By E.L. DOCTOROW (Simon and Schuster; 1966)
A definite oddity in the cannon of the late E.L. Doctorow, who specialized in historical fiction. In BIG AS LIFE, his second novel, Doctorow tried his hand at surreal fantasy, relating the highly speculative account of two giant humanoid figures who one day appear suspended in the sky over the New York Harbor, throwing the city into chaos.
How well Doctorow fared in such unfamiliar fictional territory is evidenced in the fact that he never allowed BIG AS LIFE to be reprinted after its initial 1966 publication. It is frankly a bit of a hodge-podge, encompassing science fiction, social commentary and satire, with a tone and focal point that tend to shift from chapter to chapter. It seems Doctorow may have been attempting the kind of kaleidoscopic narrative swirl that characterized later novels like RAGTIME, but wasn’t yet up to the task of pulling it off.
But anyway: the giant critters, we learn, are beings from some other dimension where time flows at a crawl, so they appear to move in extreme slow motion. Early on in the story a plane crashes into the head of one of the giants, causing one of its hands to slowly move upward to the spot of the collision and an endlessly drawn-out wail to emit from its mouth. In the meantime people are dispatched to climb onto and study the giants’ anatomies first-hand.
Intriguing stuff, but Doctorow doesn’t go very far with the speculative business. His concern is with the civilians attempting to maintain a sense of normality amid the mass rioting and martial law that engulf the city, particularly the free-spirited jazz musician Red, his pregnant girlfriend Sugarbush, and Creighton, a history professor who shacks up with Red and Sugarbush. Layered in are passages, such as one describing Red sprayed with a fire-hose by authorities, that were evidently meant to recall past upheavals, and others, such as the creation of a government agency called the New York Command, Research and Defense—or NYCRAD—that would appear to foreshadow future catastrophes (specifically 9/11).
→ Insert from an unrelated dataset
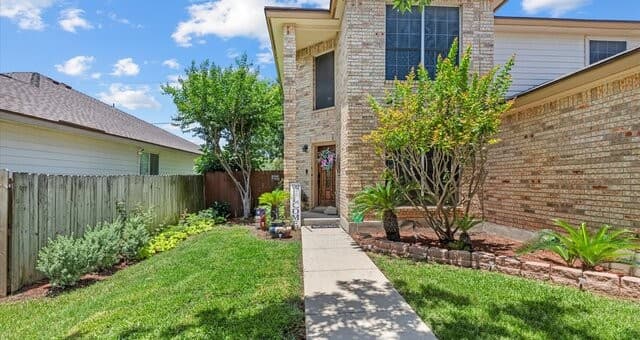 3-bedroom rental at 5011 Wood Glen Dr in San Antonio, TX — photo 3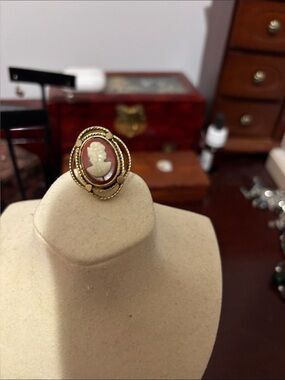 Vintage Cameo Portrait Gold-Tone ring rwith Red Background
The resolution, in any event, is inconclusive and unsatisfying.
One can only imagine what a more fantastically-inclined writer like J.G. Ballard (whose story “The Drowned Giant” has many similarities with BIG AS LIFE) might have done with this material. As it is, however, it stands as a somewhat interesting but deeply flawed and, as its own author evidently agreed, best forgotten novel.